PROBLEM STATEMENT: After locating the line with "Sneakers Verdes Golden Goose Stardan Suede" in the data that follows, return it and every later line exactly, up to and including the line with "Alfombra de lana".

EXCERPTED DATA:
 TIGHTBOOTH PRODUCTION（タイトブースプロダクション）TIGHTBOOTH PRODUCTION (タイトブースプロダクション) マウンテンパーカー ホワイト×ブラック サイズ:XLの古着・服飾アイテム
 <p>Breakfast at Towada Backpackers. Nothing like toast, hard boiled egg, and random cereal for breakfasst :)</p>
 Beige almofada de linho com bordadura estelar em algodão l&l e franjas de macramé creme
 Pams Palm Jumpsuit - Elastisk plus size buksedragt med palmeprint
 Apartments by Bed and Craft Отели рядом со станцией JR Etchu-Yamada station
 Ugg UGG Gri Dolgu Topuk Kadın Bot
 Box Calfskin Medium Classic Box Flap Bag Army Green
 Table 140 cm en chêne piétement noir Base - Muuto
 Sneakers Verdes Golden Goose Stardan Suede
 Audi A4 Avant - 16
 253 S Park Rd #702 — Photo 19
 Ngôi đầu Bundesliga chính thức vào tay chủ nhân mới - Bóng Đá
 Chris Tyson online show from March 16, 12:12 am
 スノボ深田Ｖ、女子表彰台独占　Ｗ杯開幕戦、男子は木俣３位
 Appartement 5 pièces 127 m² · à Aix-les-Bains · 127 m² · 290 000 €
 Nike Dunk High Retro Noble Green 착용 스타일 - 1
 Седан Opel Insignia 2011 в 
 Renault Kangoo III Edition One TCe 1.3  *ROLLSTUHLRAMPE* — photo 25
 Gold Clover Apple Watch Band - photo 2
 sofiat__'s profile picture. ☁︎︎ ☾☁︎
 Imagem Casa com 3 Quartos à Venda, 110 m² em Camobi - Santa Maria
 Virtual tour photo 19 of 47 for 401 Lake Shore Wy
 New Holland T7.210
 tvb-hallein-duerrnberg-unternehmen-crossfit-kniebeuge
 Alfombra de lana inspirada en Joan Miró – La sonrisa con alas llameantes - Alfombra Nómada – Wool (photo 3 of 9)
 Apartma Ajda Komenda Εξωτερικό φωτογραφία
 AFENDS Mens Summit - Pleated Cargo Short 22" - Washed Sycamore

TASK RESULT:
 Sneakers Verdes Golden Goose Stardan Suede
 Audi A4 Avant - 16
 253 S Park Rd #702 — Photo 19
 Ngôi đầu Bundesliga chính thức vào tay chủ nhân mới - Bóng Đá
 Chris Tyson online show from March 16, 12:12 am
 スノボ深田Ｖ、女子表彰台独占　Ｗ杯開幕戦、男子は木俣３位
 Appartement 5 pièces 127 m² · à Aix-les-Bains · 127 m² · 290 000 €
 Nike Dunk High Retro Noble Green 착용 스타일 - 1
 Седан Opel Insignia 2011 в 
 Renault Kangoo III Edition One TCe 1.3  *ROLLSTUHLRAMPE* — photo 25
 Gold Clover Apple Watch Band - photo 2
 sofiat__'s profile picture. ☁︎︎ ☾☁︎
 Imagem Casa com 3 Quartos à Venda, 110 m² em Camobi - Santa Maria
 Virtual tour photo 19 of 47 for 401 Lake Shore Wy
 New Holland T7.210
 tvb-hallein-duerrnberg-unternehmen-crossfit-kniebeuge
 Alfombra de lana inspirada en Joan Miró – La sonrisa con alas llameantes - Alfombra Nómada – Wool (photo 3 of 9)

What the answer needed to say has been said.